「著作と講演」カテゴリーアーカイブ

東京都庁幹部研修

今日7月11日は、東京都庁の幹部研修「行政経営研修」の講師に行ってきました。
都庁の「研修別計画内容」では、2 幹部研修 (3) 幹部研修(悉皆以外)(15ページ)に位置づけられています。
「外部有識者や都庁トップ層との意見交換、研修生間のグループ討議を通じて、
①自分を再認識する。
②新たな知見を得て、都政運営に必要な経営センスを磨く。
③相互に受容・感化しあう人間関係を構築する。」とあります。

今日の参加者は各局の総務課長で、これから部長、局長を目指すまさに幹部候補です。このような人を相手に講義できることは、やりがいがあります。主催者の要請により、講義と班別討議を組み合わせました。難しい課題で、短時間のうちに答えを出さなければならない、そして正解はない設定ですが、皆さん、さすがでした。反応が良いと、話している方も元気が出ます。

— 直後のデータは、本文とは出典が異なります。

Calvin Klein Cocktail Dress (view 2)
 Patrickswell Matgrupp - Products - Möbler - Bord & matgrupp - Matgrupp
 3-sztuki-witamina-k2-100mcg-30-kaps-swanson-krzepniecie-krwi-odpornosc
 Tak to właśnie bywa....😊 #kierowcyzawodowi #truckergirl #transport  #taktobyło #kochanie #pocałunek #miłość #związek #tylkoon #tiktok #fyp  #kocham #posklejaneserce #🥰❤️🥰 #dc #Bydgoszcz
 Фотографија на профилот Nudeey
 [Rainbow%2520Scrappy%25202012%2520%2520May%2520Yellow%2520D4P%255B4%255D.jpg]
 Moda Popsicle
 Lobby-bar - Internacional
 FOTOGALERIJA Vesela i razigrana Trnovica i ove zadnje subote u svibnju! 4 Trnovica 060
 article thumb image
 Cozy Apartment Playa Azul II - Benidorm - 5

都庁は、警察、消防、教育を除いても、約3万人という巨大な組織です。私も県の総務部長や国で次官を務めましたが、3万人の組織は実感がわかないので、事前にいろいろと事情を教えてもらって臨みました。

連載「公共を創る」第228回

連載「公共を創る 新たな行政の役割」の第228回「政府の役割の再定義ー異論に耳を傾けることの大切さ」が、発行されました。

政治家と官僚の関係がうまくいっていないことの説明を続けています。
国会議員が官僚を怒鳴ることは、過去からありました。私もで何度か、そのような目に遭ったことがあります。説明を求められて議員会館の事務所に行った際に、議員の意向に添えないことを説明したら、罵倒されたことがありました。長時間、半ば「監禁状態」に置かれたこともあります。当時はそれが当たり前と思っていましたが、いま考えると変なことでした。
そのようなことが行われたのは、官僚が「力を持っている」「政治や政策を決めている」という前提があったのではないかと思います。政治家が自らの意思を通そうとするなら、個々の官僚を怒鳴って従わせるのではなく、政治主導によって実行すればよいのです。

第2次安倍政権時代以降、「野党合同ヒアリング」と呼ばれる場が、しばしば開催されました。野党議員が合同で、会議室に各省の官僚を呼んで、特定の政策や案件について質問をするのです。そして時に官僚を怒鳴りつけ、官僚が無言のまま立ち往生したり、頭を下げて謝るといった場面がありました。その様子は動画サイトで中継され、「官僚つるし上げ」ともいわれました。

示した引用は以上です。